# Taxation of Deposit Interest



## eugene (3 Oct 2005)

Hi

I have a rental property and complete a self assessment Form 12 each October for the previous calendar year.  My query - deposit interest - is tax & prsi payable on deposit interest.  I imagine there are many PAYE workers who earn deposit interest and do not know to declare it and pay tax and prsi on it.  Can someone advise please?

Regards

Eugene


----------



## CCOVICH (3 Oct 2005)

DIRT is levied at 20% (standard rate) on deposit interest by the relevant bank.  This fully satisfies the individual's liability to tax in respect of deposit interest, regardless of their marginal rate of tax.  No PRSI is levied on deposit interest, as it is not 'earned' income.

So no issues for PAYE workers.


----------



## eugene (4 Oct 2005)

So why is additional tax payable by self-assessment based customers?


----------



## CCOVICH (4 Oct 2005)

I don't know-are you sure that it (additional tax) is?  Do you include it in the overall return and then take a credit for DIRT deducted? I haven't looked at self assessment in a few years.

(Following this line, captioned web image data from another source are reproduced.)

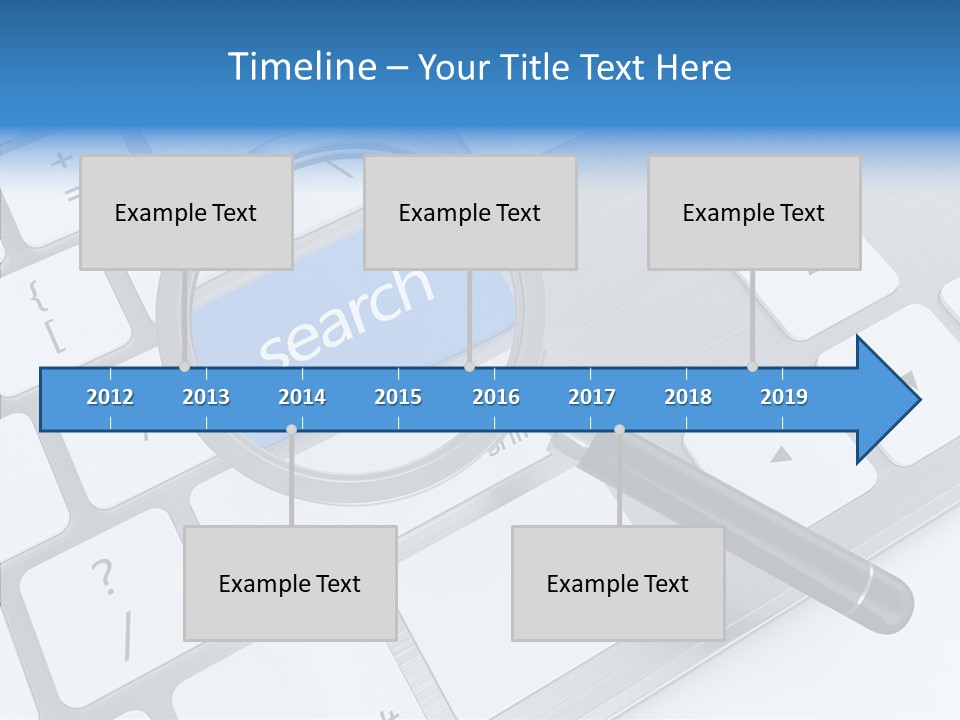 Keyboard Connection Progress PowerPoint Template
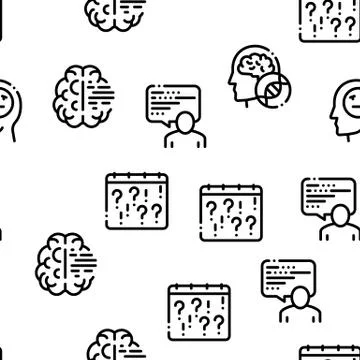 Alzheimers Disease Seamless Pattern Vector Ilustración de archivo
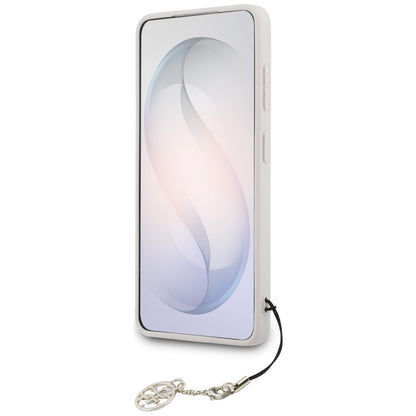 Deksel for Samsung Galaxy S26 S942, Guess, 4G Classic Logo Charm, Rosa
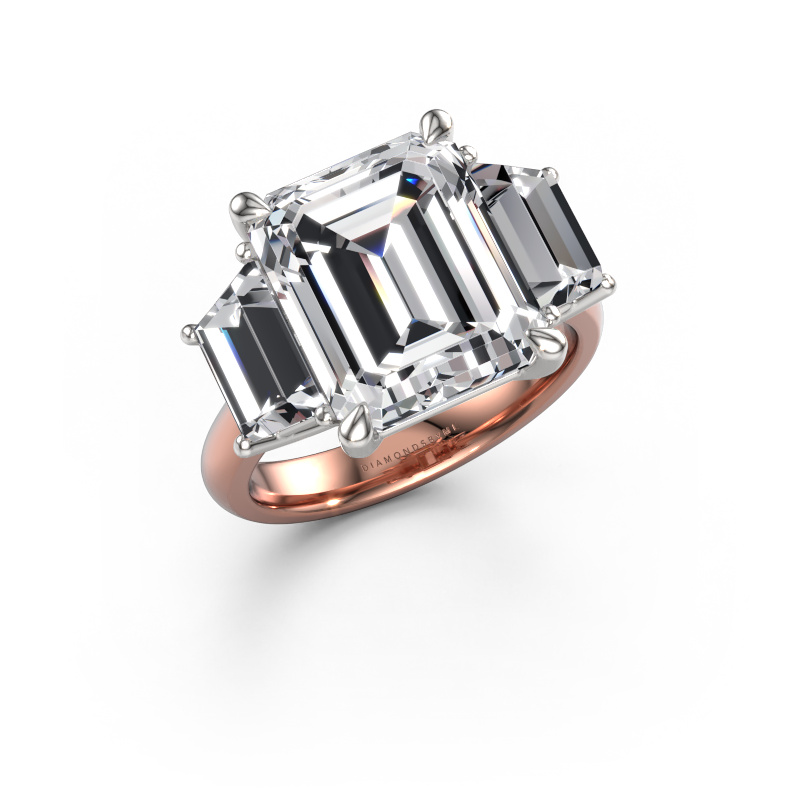 Image of Engagement ring Maggie EME 585 rose gold Lab grown diamond 7.80 crt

Either way, the original query was on PAYE workers and their liability to DIRT, which is fully satisfied by the 20% deduction at source.


----------



## TarfHead (6 Oct 2005)

CCOVICH said:
			
		

> .. which is fully satisfied by the 20% deduction at source.


 
Is it ?

I am no expert in this & have always assumed that you're liable to pay tax on it at the higher rate, if applicable.

In my PAYE return I record the amount paid by the bank (which is net of tax deducted at the standard rate) and then the Revenue calculate the difference (cos I pay at the higher rate) and factor that into my overall bill.

Then again, with demand deposit rates at 0.02%.


----------



## CCOVICH (6 Oct 2005)

TarfHead said:
			
		

> Is it ?
> 
> I am no expert in this & have always assumed that you're liable to pay tax on it at the higher rate, if applicable.
> 
> ...


 
As far as I am aware, the liability is fully satisfied by the 20% deducted at source.  Try googling and see if it throws up any different answers, but to my knowledge, the relevant rate is 20%, regardless of the individual's marginal tax rate.


----------



## xeresod (6 Oct 2005)

It is only 20%. When returned to Revenue, it is calculated along with all other income and the standard rate cutoff point is increased by the amount in question which ensures it is only taxed at the 20% and then a credit is given against the total tax due for the DIRT paid, so there is no further tax liability. 
However, this applies to deposit interest only, dividends are taxable at 42% which may be what some of the above posters are thinking of.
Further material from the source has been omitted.